I’m going to copy two comments from TPU that i think are the most accurate regarding this proposal:
This doesn’t solve anything at all. You still have to plug power into the motherboard, likely via the problematic 12V6X2 connector once they extend it beyond 250W. Now you also need to dedicate additional (expensive) PCB layers and throw a lot more copper traces (expensive) at it too. It’s just a glorified extension cable that adds another connector to the equation. Why go from the PSU directly to the GPU when you can now do it with extra steps!! (/s) Cable still required, but now you need a new motherboard, too… Why? Because cables are evil, apparently and this fits the dumb BTF form factor that’s all about form over function, for people with infinite wallets.
This is a stupid idea. It should be separate as always. It also makes problems worse if connector-gate happens again, as now you fry a much larger PCB instead of tiny GPU board. And high power means you need to worry about heat on the mobo now too. It makes repair difficult too. But I’m not surprised. Asus always sucked on the user friendly aspect. Worst customer support. Apparently that’s the trend to keep up with the “You’ll own nothing and be happy” motto of stream everything, throwaway everything, get in debt all the time mentality.
Right?
How about someone make much higher quality power cables (I’ll pay more, happily), that are more flexible and configurable.
Yeah, it doesn’t make sense.
I could understand the rationale for wanting a high-power PCIe specification if there were multiple PCIe devices that could benefit from extra juice, but it’s literally just the graphics card.
One might make the argument “Oh but what if you had multiple GPUs? Then it makes sense!” except it doesn’t, because the additional power would only be enough for ONE high-performance GPU. For multiple GPUs you’d need even more motherboard power sockets…
It’s complexity for no reason, or purely for aesthetics. The GPU is the device that needs the power, so give the GPU the power directly, as we already are.

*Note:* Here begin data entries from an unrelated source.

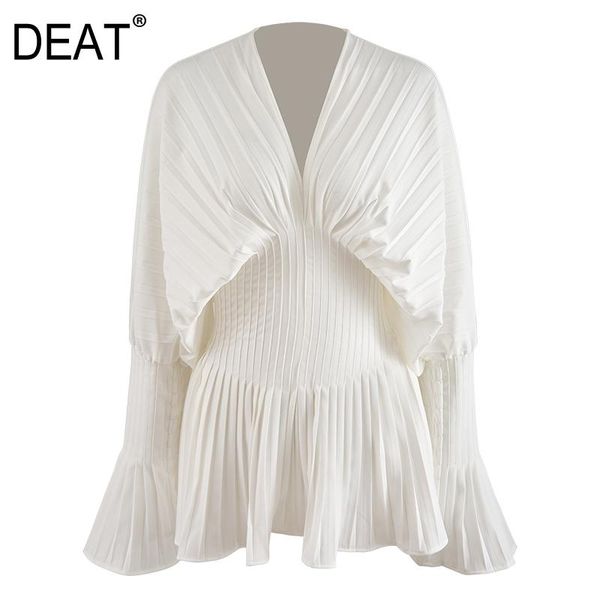 deat 2021 new spring and autumn flare full sleeves pleated striped high waist v-neck quality shirt women's blouse wm51400, White
deat 2021 new spring and autumn flare full sleeves pleated striped high waist v-neck quality shirt women's blouse wm51400, White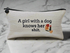 Linen Make Up Bag " A Girl with a Dog "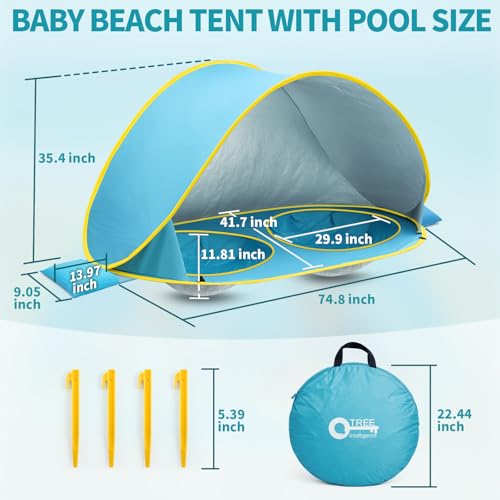QTREE intelligence 2-IN-1 Baby Beach Tent with 2 Pool for 2 kids,74.8*41.7*35.4 inch UV Protection Sun Shelter Pop Up Play...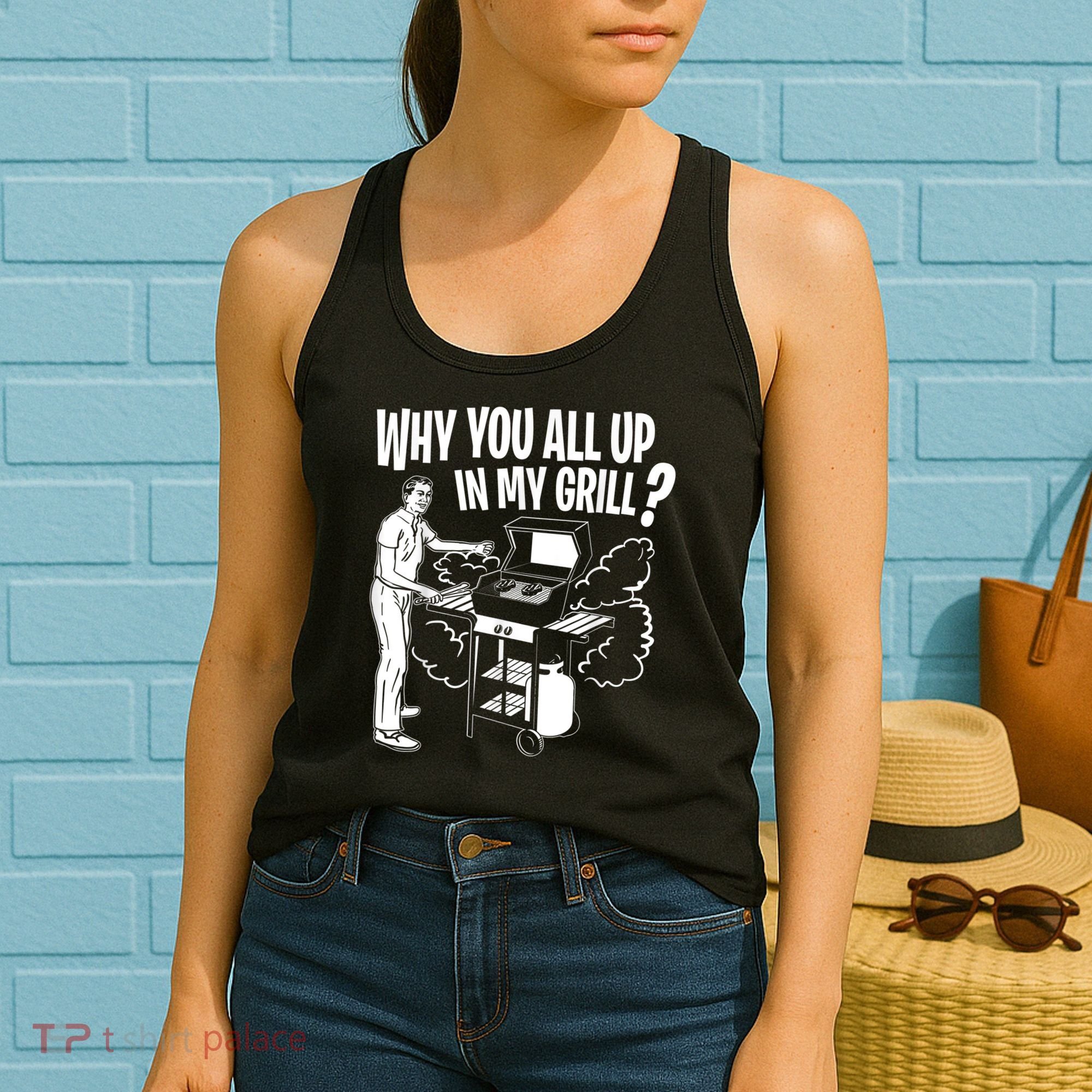 All Up In My Grill Barbecue BBQ Smoker Father's Day Women's Tank Top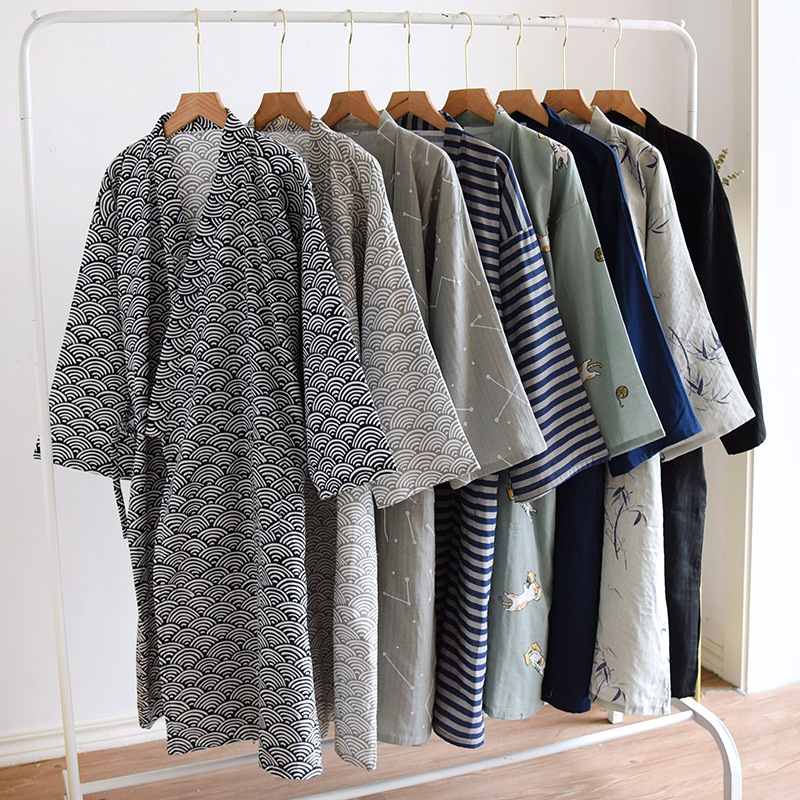 2021 neue Männer der 100% Baumwolle Gaze Baumwolle Robe Lose Dünne Yukata Japanischen Kimono Schlafanzug männer Mit Kapuze Robe V-ausschnitt pyjamas Bademantel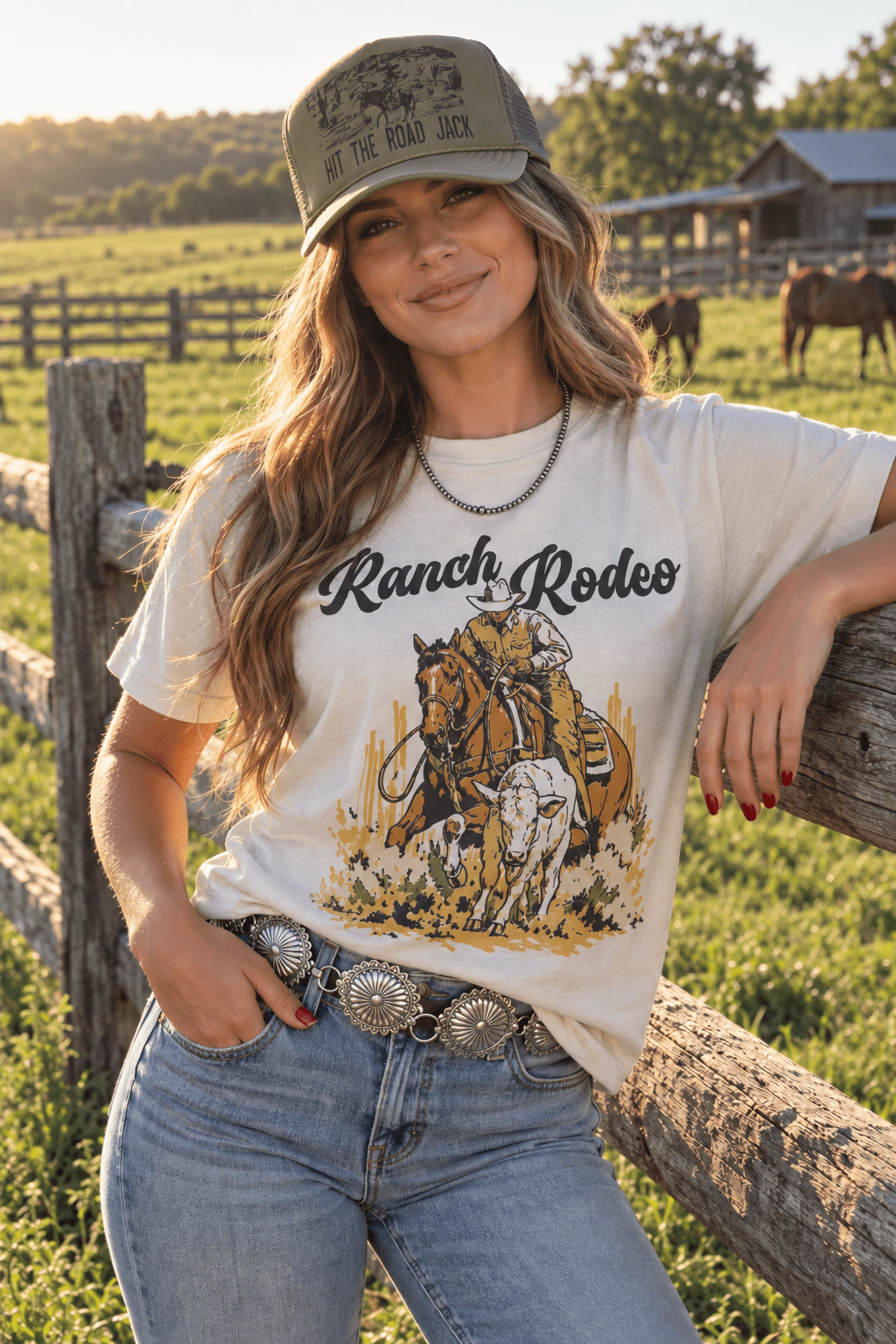 Ranch Rodeo Cowboy Roping Graphic Tee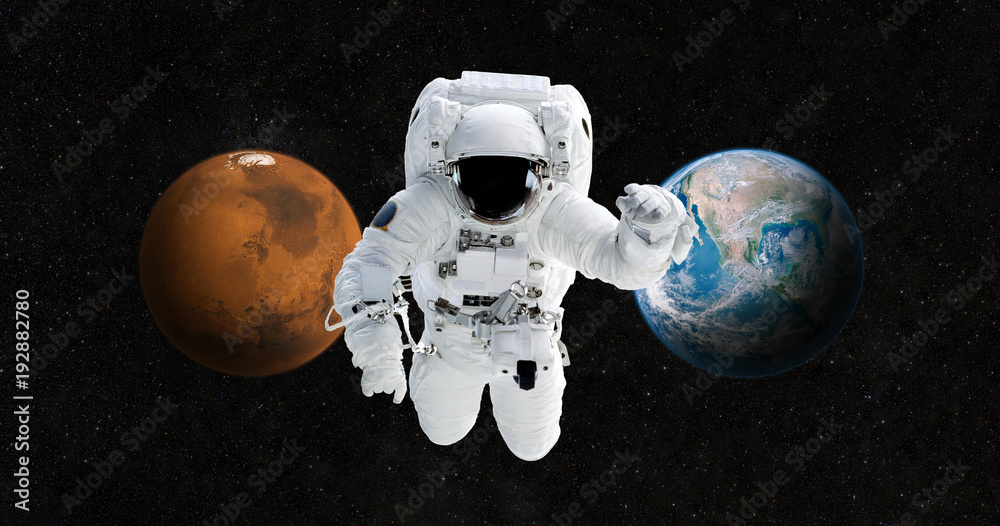 Poster Astronaut is traveling to a new home on the planet Mars. Spaceman in the open space against the backdrop of the planet Earth and Mars. The concept of future travel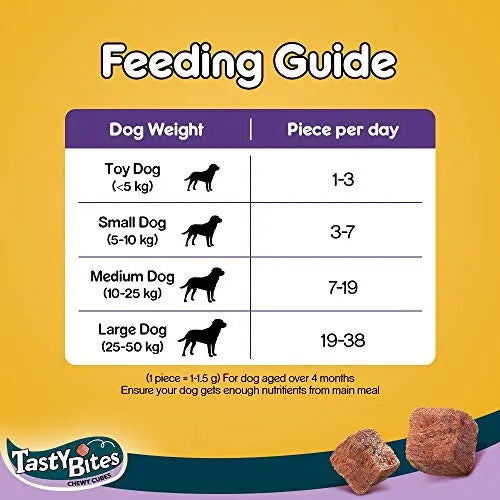 Pedigree Tasty Bites Chewy Cubes, Lamb Flavour- 12 pouches (12x50g) Pedigree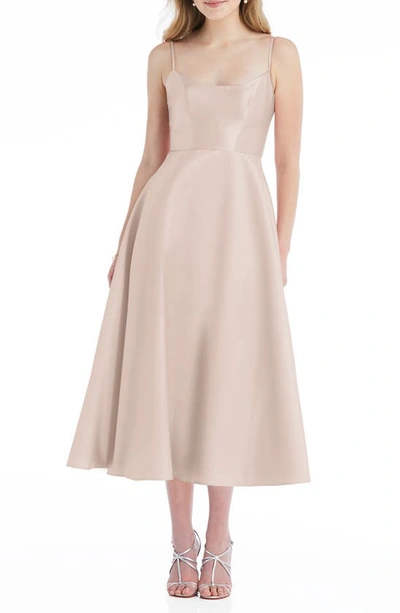 Shop Alfred Sung Spaghetti Strap Satin Midi Cocktail Dress In Cameo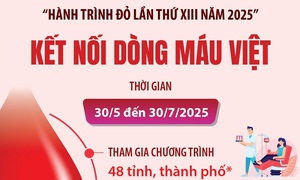 'Hành trình Đỏ lần thứ XIII năm 2025': Kết nối dòng máu Việt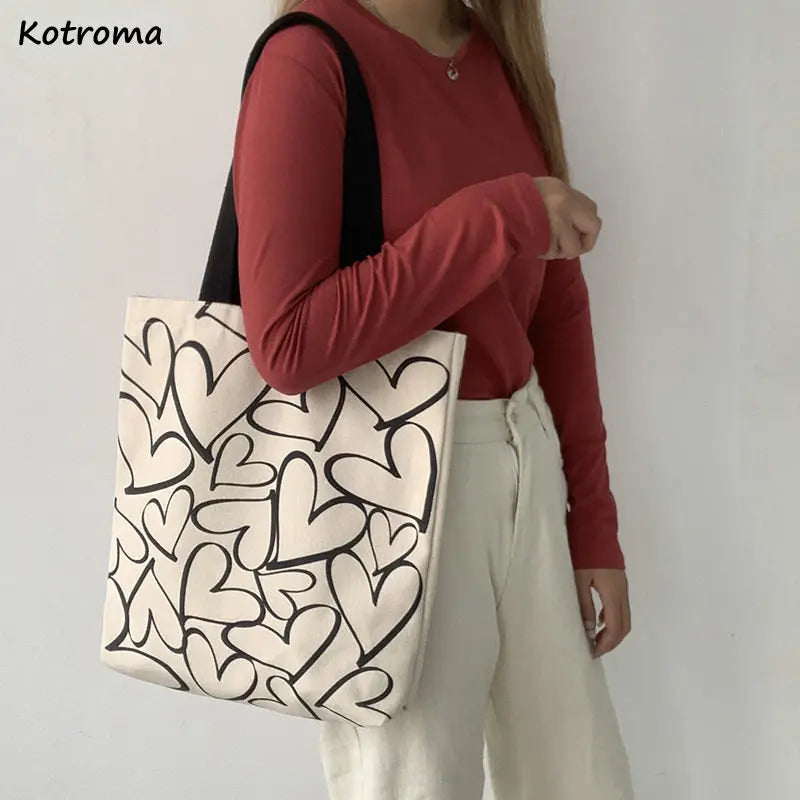 Harajuku Shoulder Bags Women Canvas Heart Pints Zipper Style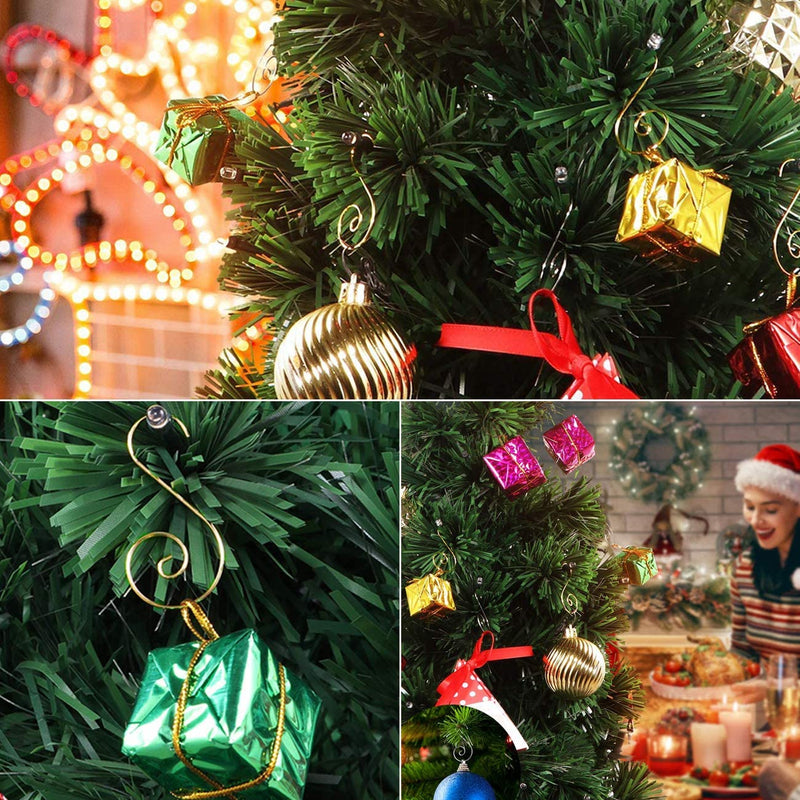 Acronde 120PCS Christmas Ornament Hooks Christmas Tree S-Hooks Ornament Hanger Metal Wire Hanging Hook for Christmas Tree Christmas Balls Party Decorations (Gold)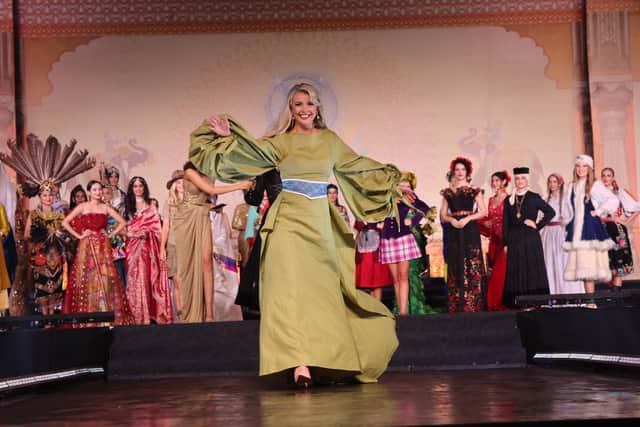 Miss NI Kaitlyn Clarke wearing her national costume at the Miss World competition in India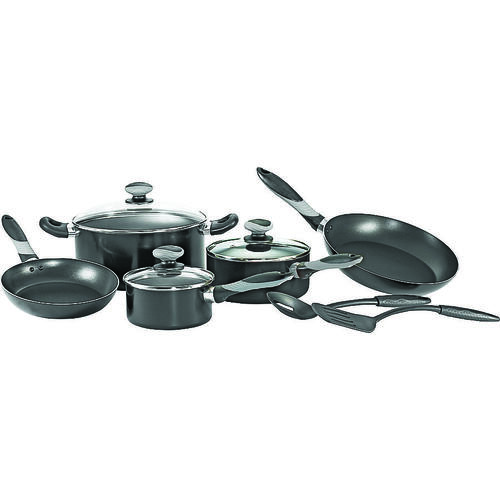 M Cookware Set, Aluminum, Black, 10-Piece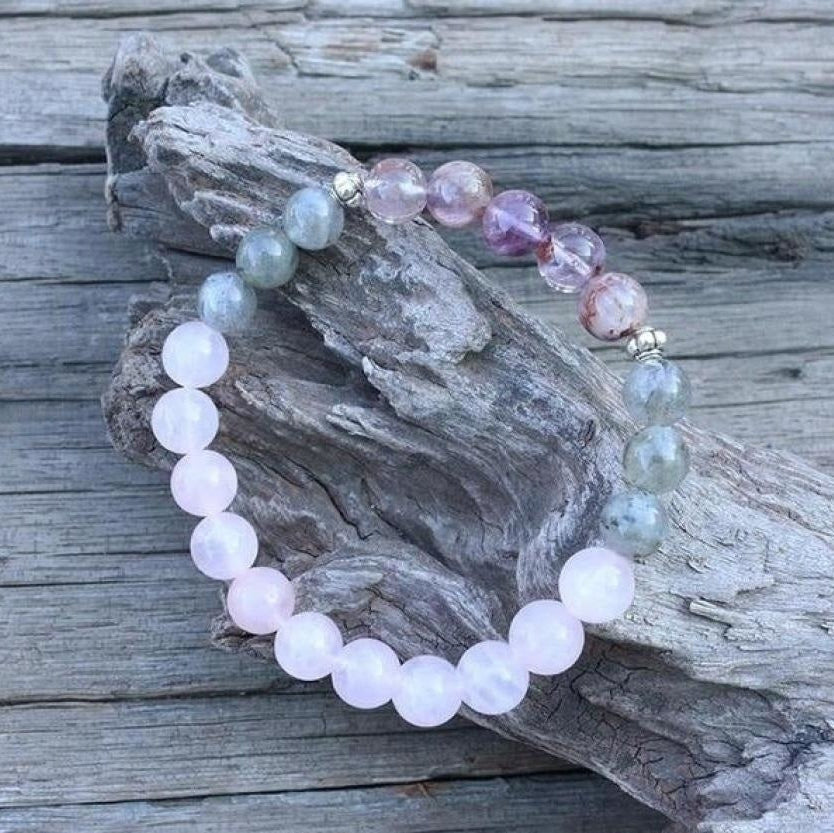 108 Natural Labradorite White Jade and Amethyst Mala Beads Necklace / Bracelet™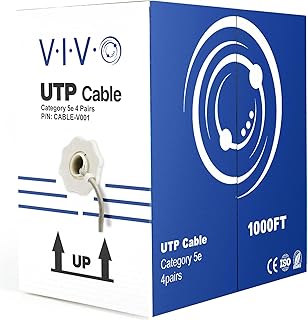 Кабель VIVO Cat5e, 1000 футов, CCA Ethernet, 24 AWG, UTP, монтажная коробка, для локальной сети, серый, CABLE-V001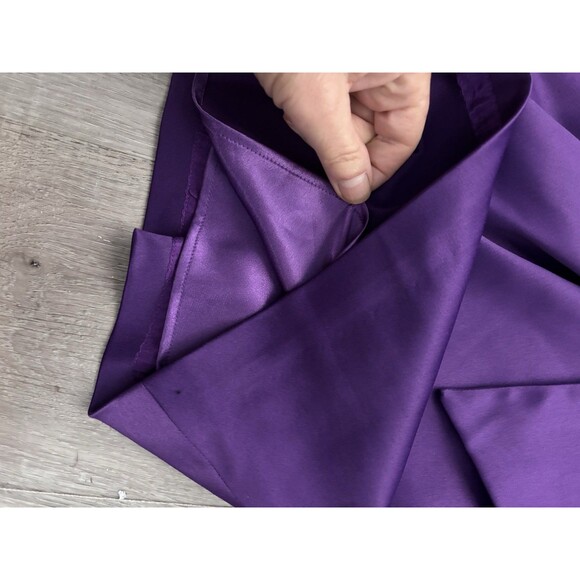 Max & Cleo Bow Front Mini Party Dress Purple Satin Evening Bodycon Sexy Sz 4 - Picture 7 of 11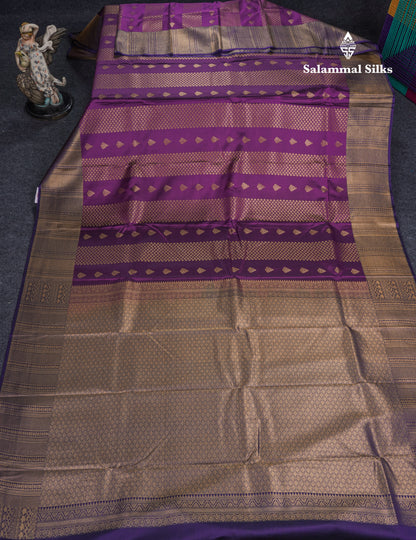 Grey Beautiful Semi Silk Saree With Contrast Navy Blue Border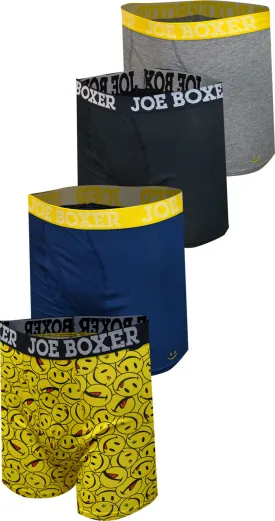 Joe Boxer Iconic Cotton 4 Pack Boxer Briefs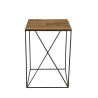 MAXENCE - Square Side Table Teak Wood Recycled 35x35cm Black Metal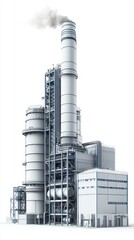 Obraz premium The biomass power plant showcases large silos and a tall smokestack emitting steam into the clear sky, indicating energy production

I could understand the rationale for wanting a high-power PCIe specification if there were multiple PCIe devices that could benefit from extra juice, but it’s literally just the graphics card.
There was a point in the past when it was common to run multiple GPUs. Today, that’s not something you’d normally do unless you’re doing some kind of parallel compute project, because games don’t support it.
But it might be the case, if stuff like generative AI is in major demand, that sticking more parallel compute cards in systems might become a thing.
Did you read the rest of my comment, then?
Paraphrased, that multiple graphics cards would mean multiple extra power sockets on the motherboard because one isn’t enough, and so it doesn’t solve much.
I was around in the crossfire era and I’m here for the AI one, so I can totally see the use-case for a convenient solution for multiple GPUs. I just don’t think this is it.
But it might be the case, if stuff like generative AI is in major demand, that sticking more parallel compute cards in systems might become a thing.
Then you could be looking at multiple kilowatts being supplied by the motherboard. It would need large busbars if they stuck with 12V.
Interesting that it maintains compatibility both ways. Other companies have done stuff like this in the past. I know Apple GPUs that had ADC had an extra pin further down from the connector. But that extra foot could get in the way of components.